Diamonds are one of the most difficult stones to shop for. Since every stone is unique, purchasing a diamond requires a multi-faceted approach. While it may at first seem very intimidating, there are only a few things you need to know to be able to purchase a diamond with confidence. We have been appraising diamonds since 1977 and hope to make this process easier for you.
There are four C’s that need to be looked at to determine the value of a diamond. Each component factors into the price and quality of any diamond, and they are used as an industry standards to compare diamonds. All diamonds are graded in northern sunlight from 10am-2pm under 10x magnification to ensure a standard.
The first C is color. Colorless diamonds are prized due to their refracting properties. A completely colorless diamond will reflect the entire visual spectrum from a light source. Colorless diamonds are graded on a scale of D-Z. This scale was created by the Gemological Institute of America as a standard for grading diamonds. The chart below will explain the difference between the different colors of diamonds.
After Z, color begins to become an asset rather than a detractor. Diamonds in this range are referred to as “Fancy,” and can become incredibly expensive. These diamonds are graded under a different color system based off of the color and how vivid it is. Some of colors diamonds come in are yellow, brown, gray, blue, green, orange, and pink. The rarest and most expensive diamond color is red.

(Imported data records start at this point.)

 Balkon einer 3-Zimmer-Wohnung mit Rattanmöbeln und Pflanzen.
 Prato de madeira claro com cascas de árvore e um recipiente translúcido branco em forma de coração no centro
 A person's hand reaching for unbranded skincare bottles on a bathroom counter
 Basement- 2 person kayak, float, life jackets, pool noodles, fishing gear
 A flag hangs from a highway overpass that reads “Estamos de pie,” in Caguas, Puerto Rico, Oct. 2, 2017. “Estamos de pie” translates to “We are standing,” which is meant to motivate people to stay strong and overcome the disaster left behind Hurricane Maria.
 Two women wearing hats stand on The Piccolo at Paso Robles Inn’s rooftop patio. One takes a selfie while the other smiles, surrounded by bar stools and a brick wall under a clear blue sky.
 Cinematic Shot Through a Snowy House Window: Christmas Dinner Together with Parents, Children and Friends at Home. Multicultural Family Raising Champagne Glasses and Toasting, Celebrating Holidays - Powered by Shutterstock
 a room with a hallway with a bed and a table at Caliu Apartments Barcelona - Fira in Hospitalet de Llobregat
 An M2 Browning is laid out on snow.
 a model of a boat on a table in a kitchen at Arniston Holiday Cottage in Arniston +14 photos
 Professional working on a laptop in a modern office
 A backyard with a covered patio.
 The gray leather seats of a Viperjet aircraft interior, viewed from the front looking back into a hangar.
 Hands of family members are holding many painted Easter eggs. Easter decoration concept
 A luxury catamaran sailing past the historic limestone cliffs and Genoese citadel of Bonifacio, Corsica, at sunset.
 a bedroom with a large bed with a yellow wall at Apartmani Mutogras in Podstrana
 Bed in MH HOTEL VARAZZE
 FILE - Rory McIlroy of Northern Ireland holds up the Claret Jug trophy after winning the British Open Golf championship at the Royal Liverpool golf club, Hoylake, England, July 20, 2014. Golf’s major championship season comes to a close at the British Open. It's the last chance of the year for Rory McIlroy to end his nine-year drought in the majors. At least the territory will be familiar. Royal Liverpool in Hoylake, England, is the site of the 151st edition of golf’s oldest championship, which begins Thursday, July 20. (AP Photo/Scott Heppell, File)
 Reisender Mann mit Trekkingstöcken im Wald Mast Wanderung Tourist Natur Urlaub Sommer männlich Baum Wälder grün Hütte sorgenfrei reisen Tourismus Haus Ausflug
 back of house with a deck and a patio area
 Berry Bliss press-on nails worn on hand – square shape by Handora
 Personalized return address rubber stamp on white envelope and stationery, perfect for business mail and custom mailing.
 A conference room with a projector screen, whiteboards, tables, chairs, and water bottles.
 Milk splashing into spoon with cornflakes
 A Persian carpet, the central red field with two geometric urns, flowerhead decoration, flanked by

The second C is clarity. Clarity is a grade of how flawed a diamond is. It is affected by blemishes and inclusions in the diamond. Clarity is graded on a scale that ranges from F-I3. The chart below will help explain the differences.
The third C is cut. The cut of a diamond is very important as it determines the stone’s ability to reflect light. The most commonly used cut is the round brilliant, as you can usually get two stones out of one uncut diamond when cutting this way. All cuts have very specific proportions to maximize their brilliance. Diamonds will lose their value as the cut strays away from ideal proportions.
The last C is carat-weight. Carats describe the weight of the diamond. The carat-weight has been an international standard since 1913. 1/5 of a gram is equal to one carat. Diamonds are usually priced by carat, yet a smaller diamond that is graded much better in other areas could be worth more than a larger one. However, larger stones are much rarer so you will usually pay a premium for a larger stone.